The ability to make things cold has enabled humans to reshape migration alongside being able to eat balanced meats thanks to freezing foods to postpone them for later consumption. Cold also enabled global trade and demonstrated the vast fortunes that can be made by transporting a commodity that is ubiquitous in one environment to a place where it’s scarce.

Sound has changed how to we communicate, gather, protest or are entertained. The first break-through in our obsession with the human voice arrived with the non-intuitive thought of writing voice down. This is how the phonograph was invented. This enabled communication across distant areas of the world, alongside with the appearance of monopolies like that of the AT&T network.

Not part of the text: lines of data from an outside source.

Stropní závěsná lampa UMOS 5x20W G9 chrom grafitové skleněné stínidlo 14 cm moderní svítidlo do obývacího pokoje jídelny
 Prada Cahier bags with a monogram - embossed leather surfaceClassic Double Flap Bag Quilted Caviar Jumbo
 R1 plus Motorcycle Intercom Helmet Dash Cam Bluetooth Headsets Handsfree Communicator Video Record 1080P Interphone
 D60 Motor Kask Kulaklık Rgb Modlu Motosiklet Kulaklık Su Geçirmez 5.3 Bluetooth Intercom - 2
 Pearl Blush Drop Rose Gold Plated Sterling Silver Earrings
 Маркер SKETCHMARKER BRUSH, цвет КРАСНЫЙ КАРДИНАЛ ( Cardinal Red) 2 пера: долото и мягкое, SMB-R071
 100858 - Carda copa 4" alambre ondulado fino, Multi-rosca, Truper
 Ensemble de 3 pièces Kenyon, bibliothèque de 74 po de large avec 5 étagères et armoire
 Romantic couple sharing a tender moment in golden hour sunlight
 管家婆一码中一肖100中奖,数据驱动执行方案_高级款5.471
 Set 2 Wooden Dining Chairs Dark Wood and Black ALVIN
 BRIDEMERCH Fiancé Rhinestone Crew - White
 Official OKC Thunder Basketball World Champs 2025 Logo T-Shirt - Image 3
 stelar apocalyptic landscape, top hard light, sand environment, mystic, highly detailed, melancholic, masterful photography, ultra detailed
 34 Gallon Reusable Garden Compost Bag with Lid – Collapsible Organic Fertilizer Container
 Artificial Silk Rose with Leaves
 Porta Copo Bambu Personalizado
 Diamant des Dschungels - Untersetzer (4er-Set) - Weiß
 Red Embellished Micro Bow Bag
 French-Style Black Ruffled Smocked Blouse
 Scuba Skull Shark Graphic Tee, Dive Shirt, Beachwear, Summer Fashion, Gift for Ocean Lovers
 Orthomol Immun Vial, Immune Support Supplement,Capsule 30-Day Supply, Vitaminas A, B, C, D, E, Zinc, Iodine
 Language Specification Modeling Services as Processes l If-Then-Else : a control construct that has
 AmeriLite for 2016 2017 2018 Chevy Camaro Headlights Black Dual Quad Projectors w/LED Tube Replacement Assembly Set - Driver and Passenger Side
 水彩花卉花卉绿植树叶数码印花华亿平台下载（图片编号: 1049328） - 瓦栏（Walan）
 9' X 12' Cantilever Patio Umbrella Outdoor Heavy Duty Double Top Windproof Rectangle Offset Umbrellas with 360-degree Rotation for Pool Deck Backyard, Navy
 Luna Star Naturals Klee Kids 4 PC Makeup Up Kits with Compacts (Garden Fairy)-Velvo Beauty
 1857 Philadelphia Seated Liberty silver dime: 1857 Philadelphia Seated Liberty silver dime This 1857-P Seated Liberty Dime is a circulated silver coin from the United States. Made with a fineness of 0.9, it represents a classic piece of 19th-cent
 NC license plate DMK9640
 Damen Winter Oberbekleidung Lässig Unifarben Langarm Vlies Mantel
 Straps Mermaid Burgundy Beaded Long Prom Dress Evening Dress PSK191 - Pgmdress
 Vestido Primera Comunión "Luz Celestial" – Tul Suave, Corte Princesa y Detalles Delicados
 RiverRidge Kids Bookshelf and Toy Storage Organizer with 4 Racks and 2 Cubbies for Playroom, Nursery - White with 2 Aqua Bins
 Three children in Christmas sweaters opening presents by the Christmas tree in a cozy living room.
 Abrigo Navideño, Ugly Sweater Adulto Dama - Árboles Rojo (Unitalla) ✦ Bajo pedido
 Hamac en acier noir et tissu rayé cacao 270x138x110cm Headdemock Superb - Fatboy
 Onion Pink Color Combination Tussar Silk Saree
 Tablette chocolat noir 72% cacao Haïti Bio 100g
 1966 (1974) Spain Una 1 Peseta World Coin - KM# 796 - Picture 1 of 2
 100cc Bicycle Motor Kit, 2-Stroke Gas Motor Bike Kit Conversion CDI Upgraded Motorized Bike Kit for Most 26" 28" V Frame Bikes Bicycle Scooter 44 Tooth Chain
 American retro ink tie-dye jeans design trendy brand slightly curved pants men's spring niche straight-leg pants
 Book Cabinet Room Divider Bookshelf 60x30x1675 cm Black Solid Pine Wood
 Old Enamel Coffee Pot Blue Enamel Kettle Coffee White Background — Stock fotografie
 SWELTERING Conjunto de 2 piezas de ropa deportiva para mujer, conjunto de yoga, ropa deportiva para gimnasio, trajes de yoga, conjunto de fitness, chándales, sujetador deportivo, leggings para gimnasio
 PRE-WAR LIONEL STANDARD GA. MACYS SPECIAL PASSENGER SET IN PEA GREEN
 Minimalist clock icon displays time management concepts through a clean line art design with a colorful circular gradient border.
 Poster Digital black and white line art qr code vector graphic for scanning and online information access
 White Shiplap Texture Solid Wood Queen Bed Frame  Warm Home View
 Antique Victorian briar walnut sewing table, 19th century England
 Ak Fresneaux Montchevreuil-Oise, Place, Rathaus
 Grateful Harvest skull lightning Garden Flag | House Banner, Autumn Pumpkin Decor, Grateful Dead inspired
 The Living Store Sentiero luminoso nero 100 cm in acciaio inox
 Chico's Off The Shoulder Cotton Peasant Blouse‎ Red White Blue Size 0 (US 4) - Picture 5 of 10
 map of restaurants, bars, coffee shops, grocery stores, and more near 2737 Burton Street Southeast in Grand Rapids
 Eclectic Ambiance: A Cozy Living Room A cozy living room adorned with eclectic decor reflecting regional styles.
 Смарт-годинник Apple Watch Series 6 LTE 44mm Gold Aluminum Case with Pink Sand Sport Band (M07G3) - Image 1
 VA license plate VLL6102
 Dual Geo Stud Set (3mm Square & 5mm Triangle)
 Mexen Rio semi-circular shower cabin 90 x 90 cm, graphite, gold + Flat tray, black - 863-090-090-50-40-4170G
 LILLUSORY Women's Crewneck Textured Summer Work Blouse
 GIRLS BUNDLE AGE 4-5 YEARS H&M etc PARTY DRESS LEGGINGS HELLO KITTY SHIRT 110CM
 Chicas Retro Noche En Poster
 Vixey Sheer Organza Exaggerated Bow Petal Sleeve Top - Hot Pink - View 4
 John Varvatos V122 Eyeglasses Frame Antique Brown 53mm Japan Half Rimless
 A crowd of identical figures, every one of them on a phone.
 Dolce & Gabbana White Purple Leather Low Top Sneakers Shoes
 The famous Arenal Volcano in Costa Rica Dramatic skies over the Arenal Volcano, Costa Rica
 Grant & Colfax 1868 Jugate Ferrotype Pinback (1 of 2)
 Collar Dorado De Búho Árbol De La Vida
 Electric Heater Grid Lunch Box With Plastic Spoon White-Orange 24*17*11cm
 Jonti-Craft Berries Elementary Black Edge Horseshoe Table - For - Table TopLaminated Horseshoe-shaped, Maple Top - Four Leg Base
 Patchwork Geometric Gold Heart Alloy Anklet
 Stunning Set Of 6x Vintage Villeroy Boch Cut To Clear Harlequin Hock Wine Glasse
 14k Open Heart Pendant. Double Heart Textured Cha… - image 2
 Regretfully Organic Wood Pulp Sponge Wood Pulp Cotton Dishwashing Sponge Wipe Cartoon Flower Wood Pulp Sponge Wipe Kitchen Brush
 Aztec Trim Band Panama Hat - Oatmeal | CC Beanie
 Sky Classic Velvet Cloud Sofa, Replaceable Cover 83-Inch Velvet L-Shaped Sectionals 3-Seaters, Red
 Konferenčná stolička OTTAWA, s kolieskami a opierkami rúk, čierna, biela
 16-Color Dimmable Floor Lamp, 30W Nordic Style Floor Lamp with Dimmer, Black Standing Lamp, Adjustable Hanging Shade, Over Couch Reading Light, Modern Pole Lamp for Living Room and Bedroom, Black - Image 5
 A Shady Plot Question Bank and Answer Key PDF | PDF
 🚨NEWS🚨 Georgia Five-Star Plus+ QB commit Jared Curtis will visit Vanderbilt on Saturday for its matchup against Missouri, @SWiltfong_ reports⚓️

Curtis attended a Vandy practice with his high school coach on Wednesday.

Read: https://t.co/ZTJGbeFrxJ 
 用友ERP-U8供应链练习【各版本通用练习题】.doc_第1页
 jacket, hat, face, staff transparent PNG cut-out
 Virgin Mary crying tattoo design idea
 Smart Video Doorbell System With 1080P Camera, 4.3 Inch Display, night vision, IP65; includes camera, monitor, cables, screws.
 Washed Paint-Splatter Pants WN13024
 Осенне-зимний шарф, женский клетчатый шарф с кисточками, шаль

Cleanliness has arguably been the most impactful invention of all time, especially as it relates to life expectancy and child mortality rates. In the Middle Ages, for example, submerging the body in water was distinctly unhealthy, even a dangerous thing. Advances in public infrastructure enabled access to running water and in the 1900s John L. Neal’s experiment to start adding chlorine to Jersey City water reservoirs led to a 43% reduction in total mortality in the average American city. Combined with the progress on microscopes and the understanding of germ theory, this led to the appearance of the soap and cleaning product businesses which helped reinvent the advertising industry to what it looks like today.

Time has always existed but it was never measured accurately. Before worldwide atomic clocks each place had it’s own proprietary way of measuring time. Accurate clocks greatly reduced the risks of global shipping networks and the whole idea of an “hourly” wage enabled the resolution of the industrial age. Watches went from being a luxury product in 1850, selling at $40 to becoming a mass market product in 1878, costing circa $3.50. GPS also enabled location tracking by comparing clocks; each new advance in timekeeping enabled a corresponding advance in our master of geography.

Finally, light reshaped human’s lifestyle. From extracting spermaceti from sperm whales’ brain to produce burning oils humans went all the way down to invent electricity, the lightbulb and even a time travel machine by observing light emissions from distant stars. Edison’s invention of the lightbulb is particularly interesting as it comes to show that 1) being the first to market isn’t as important as dominating it; 2) American electronic companies depend on their imports from Asia since many years ago and 3) even though we generally conceive ideas as being those “lightbulb” epiphanies, inventions just like in the case of the lightbulb itself tend to come together over decades, in pieces.